At 5 h post-IS, 931 probe sets (658 genes) were differentially expressed between poor outcome and good 90-day mRS outcome with P < 0.05 and FC >|1.3| (Fig. 1b). Of these, 508 were down-regulated, and 423 up-regulated in poor vs. good outcome (Fig. 1b, Additional file 5: Table S1B). They were overrepresented in 56 pathways (Additional file 5: Table S2B), with two activated including B Cell Receptor Signaling and five suppressed (ICOS-ICOSL Signaling in T Helper Cells, Th2 Pathway, and T Cell Receptor Signaling, and Role of NFAT in Regulation of the Immune Response). Several T cell-related pathways were overrepresented in the gene list (Additional file 5: Table S2B, Additional file 1: Fig. S1). In addition, there was significant enrichment in neutrophil-specific genes (35/658 genes (5.3%), P(overlap) = 0.02); B cell-specific genes (17/658 genes (2.6%), P(overlap) = 8E−04); and T helper-specific and T cell receptor and signaling-specific genes (8/658 genes (1.2%), P(overlap) = 6E−08 and 15/658 genes (2.3%), P(overlap) = 2E−03, respectively) (Fig. 3a). The neutrophil-specific genes were up-regulated in poor outcome (except CCR3), while T cell-specific genes were down-regulated in poor outcome, except five genes-SOS2, CBL, SNTB2, APBB1IP and PRKCB, which were up-regulated in poor outcome.
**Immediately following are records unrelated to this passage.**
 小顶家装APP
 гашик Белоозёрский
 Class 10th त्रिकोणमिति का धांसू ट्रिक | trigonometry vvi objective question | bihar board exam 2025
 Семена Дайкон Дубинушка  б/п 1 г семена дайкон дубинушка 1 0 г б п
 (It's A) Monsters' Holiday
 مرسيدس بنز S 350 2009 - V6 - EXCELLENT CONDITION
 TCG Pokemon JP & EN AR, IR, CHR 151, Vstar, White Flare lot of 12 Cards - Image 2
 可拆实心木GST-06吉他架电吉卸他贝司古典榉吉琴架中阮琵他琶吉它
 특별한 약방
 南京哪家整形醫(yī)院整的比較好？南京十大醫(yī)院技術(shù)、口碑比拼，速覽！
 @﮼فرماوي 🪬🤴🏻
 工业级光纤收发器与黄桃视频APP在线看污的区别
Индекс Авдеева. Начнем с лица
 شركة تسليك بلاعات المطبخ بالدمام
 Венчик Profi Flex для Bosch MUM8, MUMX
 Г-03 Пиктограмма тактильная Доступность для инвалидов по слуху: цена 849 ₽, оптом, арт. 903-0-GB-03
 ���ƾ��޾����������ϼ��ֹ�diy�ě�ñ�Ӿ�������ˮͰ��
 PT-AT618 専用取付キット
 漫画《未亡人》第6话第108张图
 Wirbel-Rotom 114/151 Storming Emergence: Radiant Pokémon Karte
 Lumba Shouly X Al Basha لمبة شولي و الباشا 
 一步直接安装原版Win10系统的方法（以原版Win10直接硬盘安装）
At 24 h post-IS, 514 probe sets (363 genes) were differentially expressed between poor vs. good 90-day outcome IS patients with P < 0.05 and FC >|1.3|. Of these 255 were negatively regulated, and 259 were positively regulated (Fig. 1b, Additional file 5: Table S1C). They were overrepresented in 61 pathways with one being suppressed (ICOS-ICOSL Signaling in T Helper Cells) (Additional file 1: Fig. S1-displays only the top 20 most significant activation or suppression relevant pathways, Additional file 5: Table S2C). Several immune response-related pathways were overrepresented among the 363-gene list, such as Th1 and Th2 Activation Pathway, T Helper Cell Differentiation, Interferon Signaling, and Role of JAK family kinases in IL-6-type Cytokine Signaling (Additional file 5: Table S2C). In addition, there was a significant enrichment in neutrophil-specific genes (26/363 genes (7.2%), P(overlap) = 1E−03); in B cell-specific genes (9/363 genes (2.5%), P(overlap) = 1.7E−02); in T helper-specific, and T cell receptor and signaling-specific genes (2/363 genes (0.6%), P(overlap) = 4.4E−02 and 8/363 genes (2.2%), P(overlap) = 2.2E−02, respectively); and in monocyte-specific genes (9/363 genes (2.5%) genes, P(overlap) = 6E−03) (Fig. 3a). Most of the neutrophil cell-specific genes were up-regulated (21/26), while most of the T cell-specific genes (9/10) and B cell-specific genes (8/9) were down-regulated in participants with poor vs. participants with good 90-day functional outcome.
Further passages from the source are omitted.